Task statement: Transcribe all the records exactly and omit any images they hold.

Source information Block Start

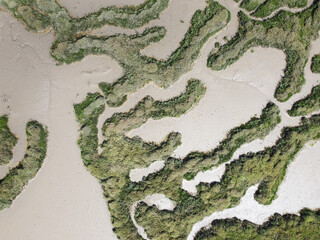 Wall Mural - abstract view from above of wetlands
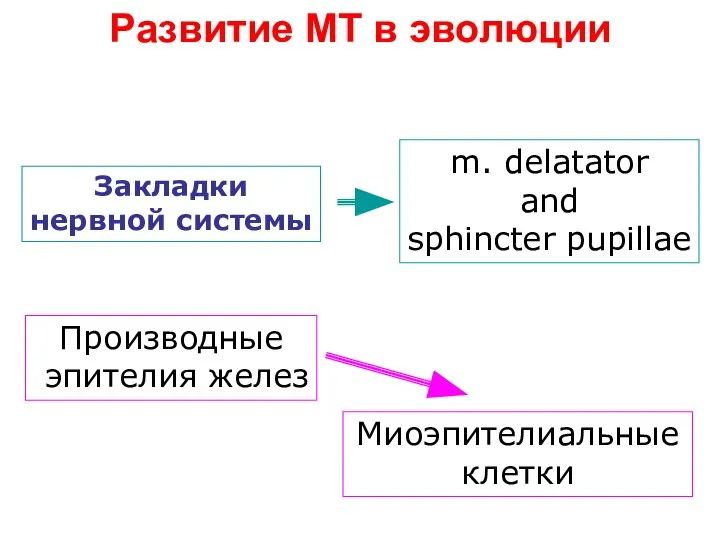 Развитие МТ в эволюции Производные эпителия желез Закладки нервной системы Миоэпителиальные клетки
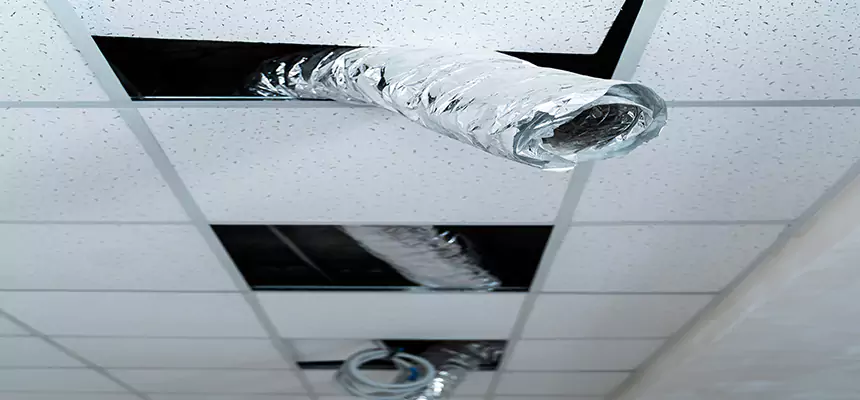 Our Air Duct Pet Hair Removal Services in Fort Walton Beach, FL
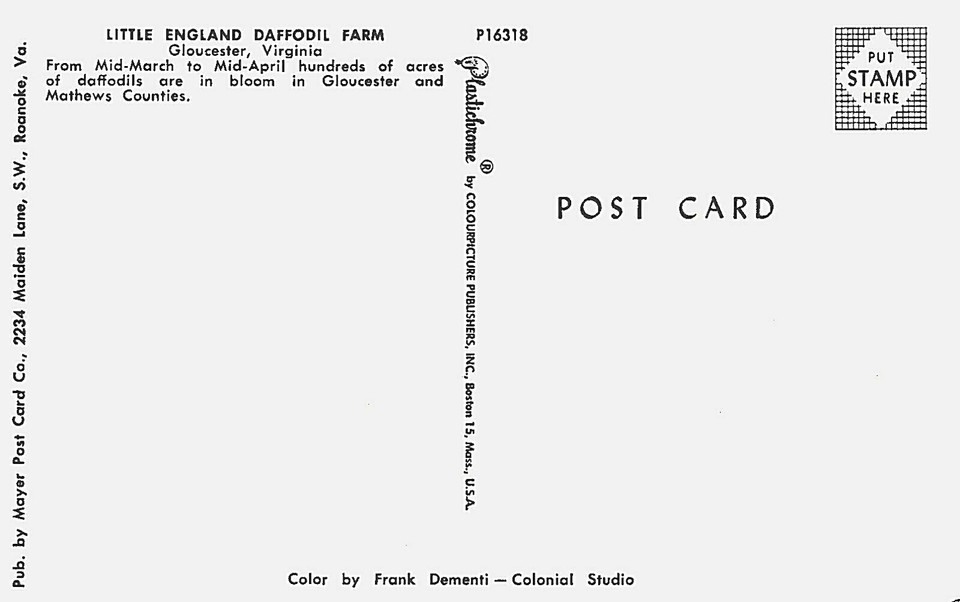 Postcard VA Little England Daffodil Farm Ladies Baskets Gloucester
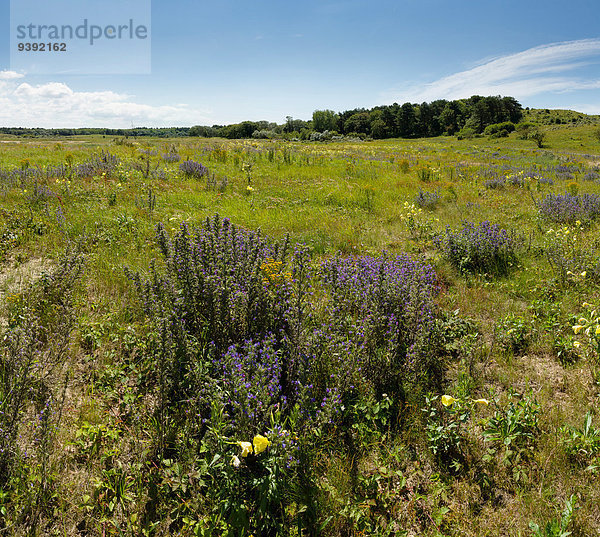 Europa Blume Sommer Landschaft Niederlande Düne Noord-Holland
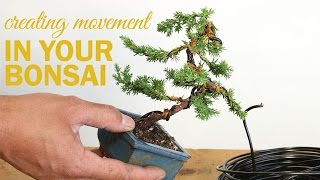 How to Create a Bonsai with Movement  Wiring a bonsai tree trunk [upl. by Christine]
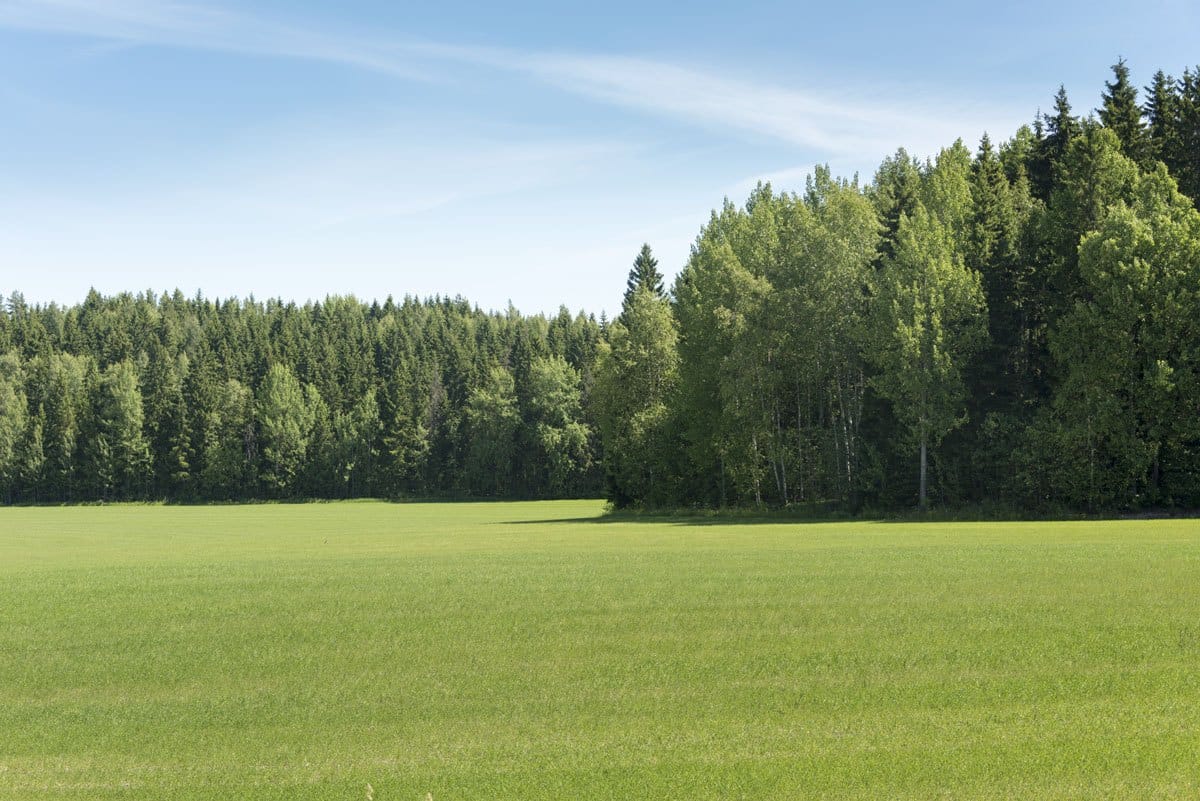 vihti finland green meadow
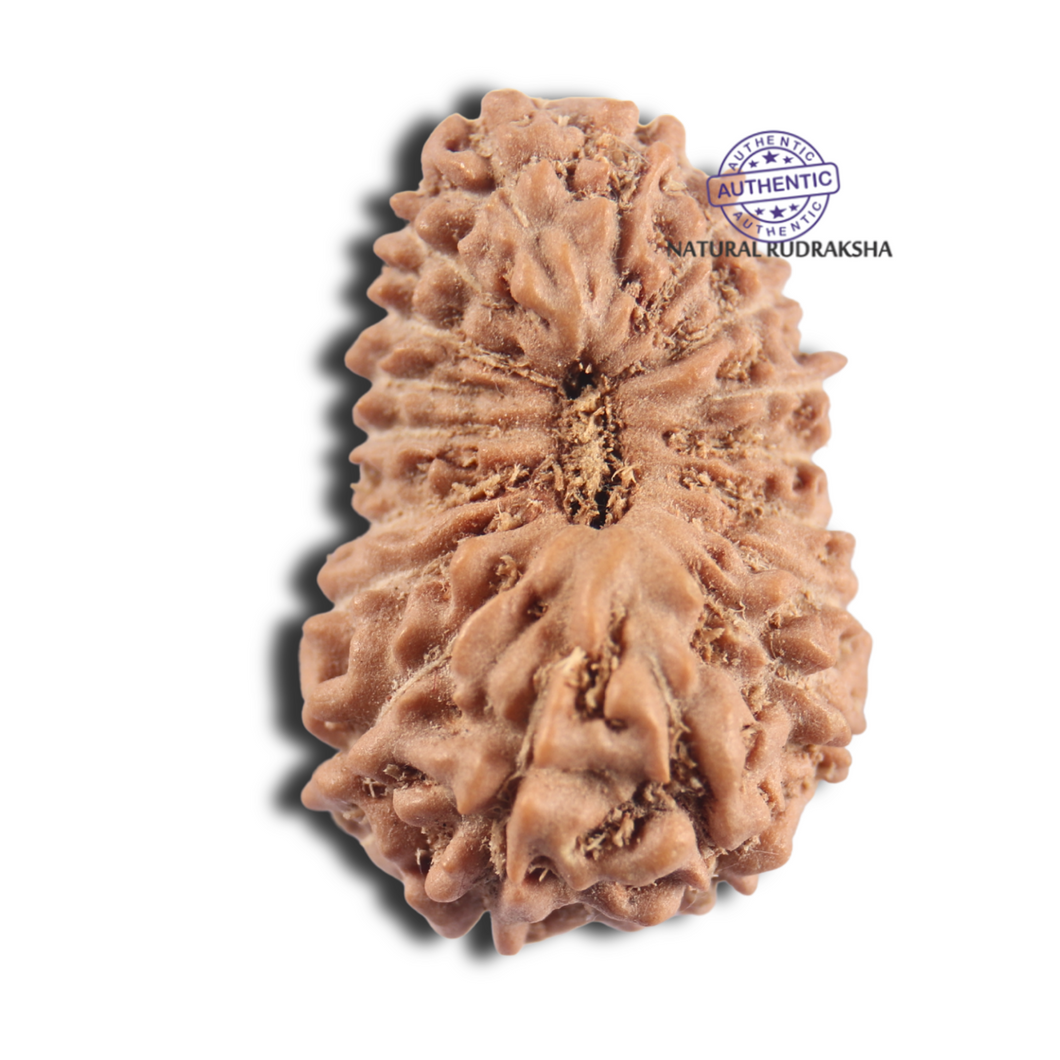 18 Mukhi Rudraksha from Indonesia - Bead No. 246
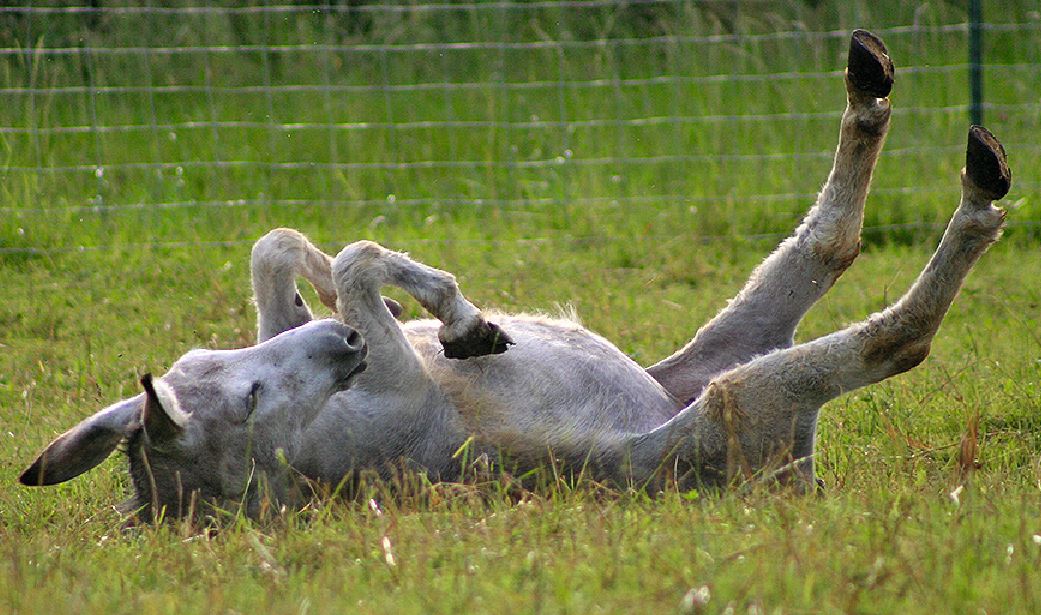 Ein grauer Esel wälzt sich genüsslich auf einer grünen Weide.
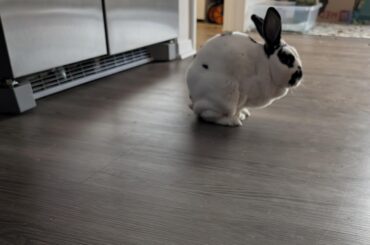 Worried, no vet until Tuesday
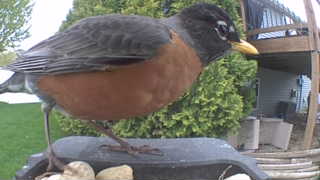 american robin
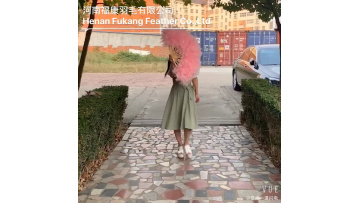 Wedding Bamboo Fans 70*40cm Handmade Craft Large Turkey Feather Fan Red And Hot Pink Color Feather Fans1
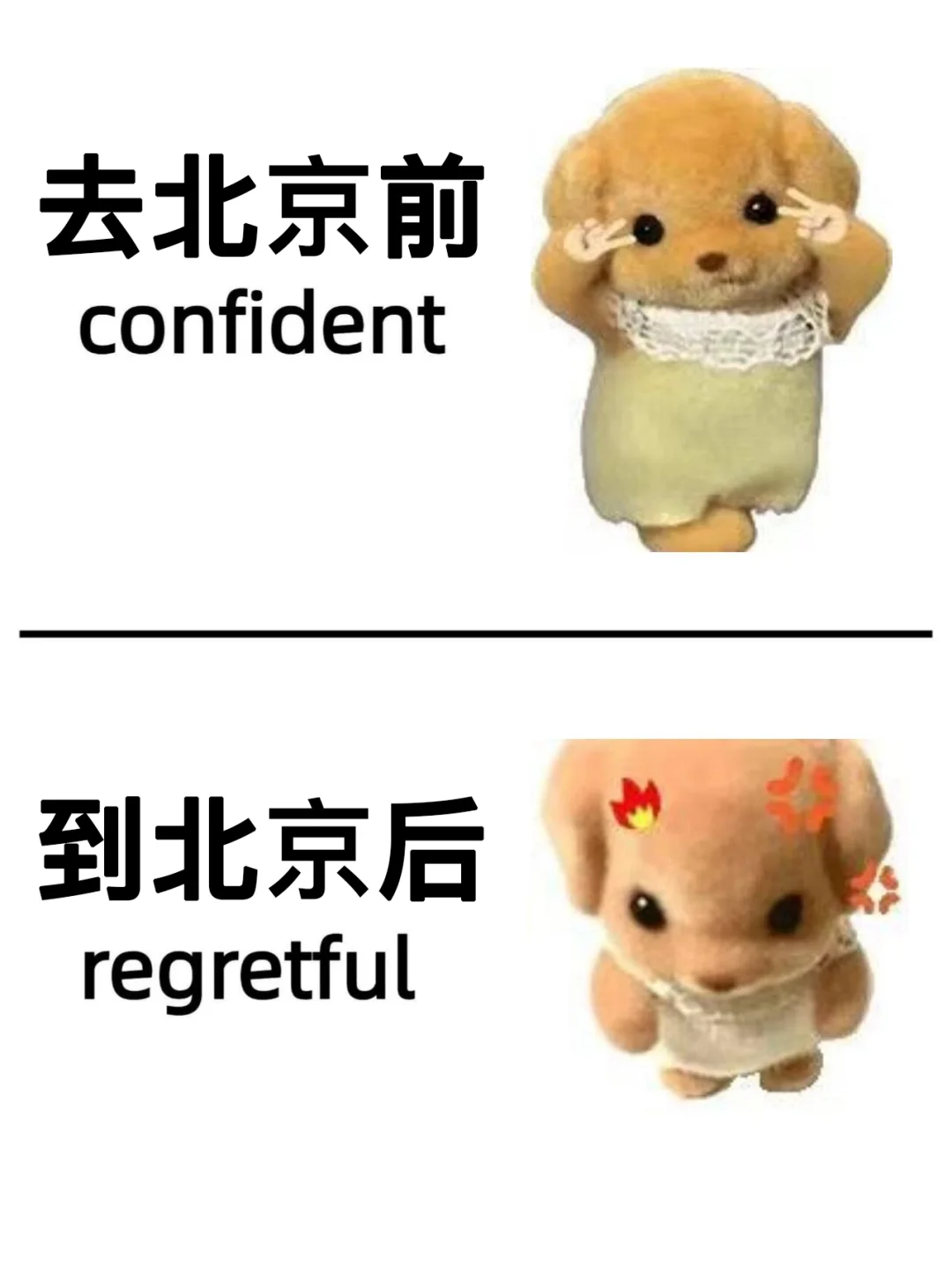 写给12月-2月去北京的姐妹👭超全避雷！！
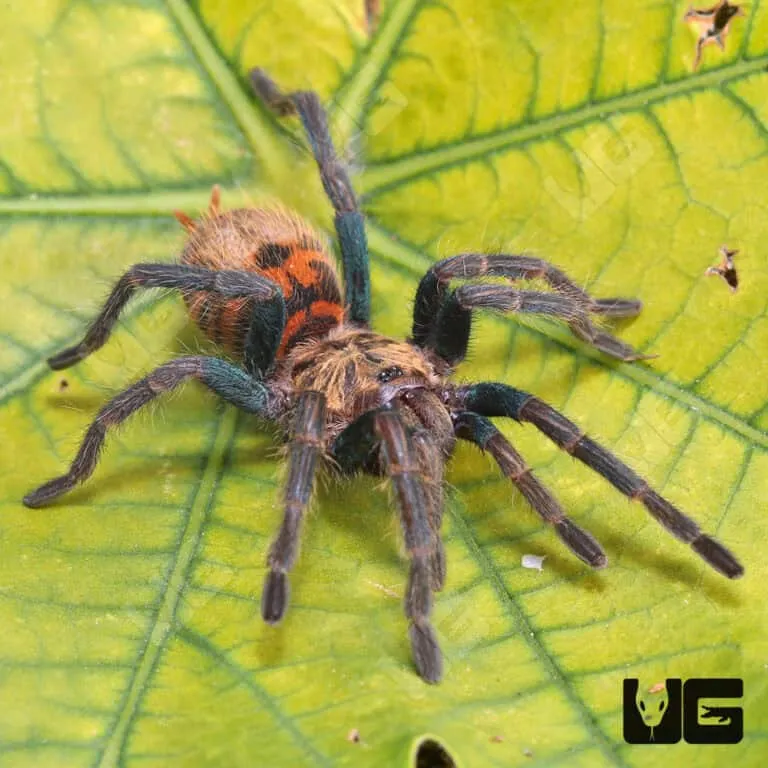 18513 gbb molting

Source information Block End

Exercise output:
 Wall Mural - abstract view from above of wetlands
 Развитие МТ в эволюции Производные эпителия желез Закладки нервной системы Миоэпителиальные клетки
 Our Air Duct Pet Hair Removal Services in Fort Walton Beach, FL
 Postcard VA Little England Daffodil Farm Ladies Baskets Gloucester
 Europa Blume Sommer Landschaft Niederlande Düne Noord-Holland
 How to Create a Bonsai with Movement  Wiring a bonsai tree trunk [upl. by Christine]
 vihti finland green meadow
 18 Mukhi Rudraksha from Indonesia - Bead No. 246
 Ein grauer Esel wälzt sich genüsslich auf einer grünen Weide.
 Worried, no vet until Tuesday
 american robin
 Wedding Bamboo Fans 70*40cm Handmade Craft Large Turkey Feather Fan Red And Hot Pink Color Feather Fans1
 写给12月-2月去北京的姐妹👭超全避雷！！
 18513 gbb molting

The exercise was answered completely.